On Jun 4, 1:52 pm, Gerard Flanagan <grflana... at yahoo.co.uk> wrote:
> On Jun 2, 10:47 pm, Raymond Hettinger <pyt... at rcn.com> wrote:
>
>
>
> > On Jun 2, 10:19 am, Steve Howell <showel... at yahoo.com> wrote:
>
> > > George Sakkis produced the following cookbook recipe,
> > > which addresses a common problem that comes up on this
> > > mailing list:
>
> > ISTM, this is a common mailing list problem because it is fun
> > to solve, not because people actually need it on a day-to-day basis.
>
> > In that spirit, it would be fun to compare several different
> > approaches to the same problem using re.finditer, itertools.groupby,
> > or the tokenize module.  To get the ball rolling, here is one variant:
>
> > from itertools import groupby
>
> > def blocks(s, start, end):
> >     def classify(c, ingroup=[0], delim={start:2, end:3}):
> >         result = delim.get(c, ingroup[0])
> >         ingroup[0] = result in (1, 2)
> >         return result
> >     return [tuple(g) for k, g in groupby(s, classify) if k == 1]
>
> > print blocks('the <quick> brown <fox> jumped', start='<', end='>')
>
> > One observation is that groupby() is an enormously flexible tool.
> > Given a well crafted key= function, it makes short work of almost
> > any data partitioning problem.
>
> Can anyone suggest a function that will split text by paragraphs, but
> NOT if the paragraphs are contained within a [quote]...[/quote]
> construct.  In other words, the following text should yield 3 blocks
> not 6:
>
> TEXT = '''
> Lorem ipsum dolor sit amet, consectetuer adipiscing elit.
> Pellentesque dolor quam, dignissim ornare, porta et,
> auctor eu, leo. Phasellus malesuada metus id magna.
>
> [quote]
> Only when flight shall soar
> not for its own sake only
> up into heaven's lonely
> silence, and be no more
>
> merely the lightly profiling,
> proudly successful tool,
> playmate of winds, beguiling
> time there, careless and cool:
>
> only when some pure Whither
> outweighs boyish insistence
> on the achieved machine
>
> will who has journeyed thither
> be, in that fading distance,
> all that his flight has been.
> [/quote]
>
> Integer urna nulla, tempus sit amet, ultrices interdum,
> rhoncus eget, ipsum.

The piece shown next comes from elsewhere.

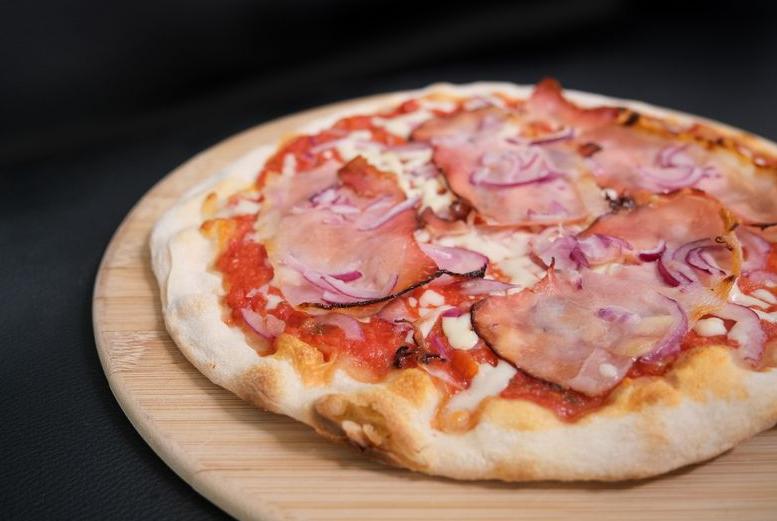Pizza Schwarzwald- Feinfrost- von Regusto aus Emmendingen 400g | 30cm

Cum sociis natoque penatibus et
> magnis dis parturient montes, nascetur ridiculus mus.
> '''
>
> Other info:
>
> * don't worry about nesting
> * the [quote] and [/quote] musn't be stripped.
>
> Gerard

(Sorry if I ruined the parent thread.) FWIW, I didn't get a groupby
solution but with some help from the Python Cookbook (O'Reilly), I
came up with the following:

import re

RE_START_BLOCK = re.compile('^\[[\w|\s]*\]$')
RE_END_BLOCK = re.compile('^\[/[\w|\s]*\]$')

def iter_blocks(lines):
    block = []
    inblock = False
    for line in lines:
        if line.isspace():
            if inblock:
                block.append(line)
            elif block:
                yield block
                block = []
        else:
            if RE_START_BLOCK.match(line):
                inblock = True
            elif RE_END_BLOCK.match(line):
                inblock = False
            block.append(line.lstrip())
    if block:
        yield block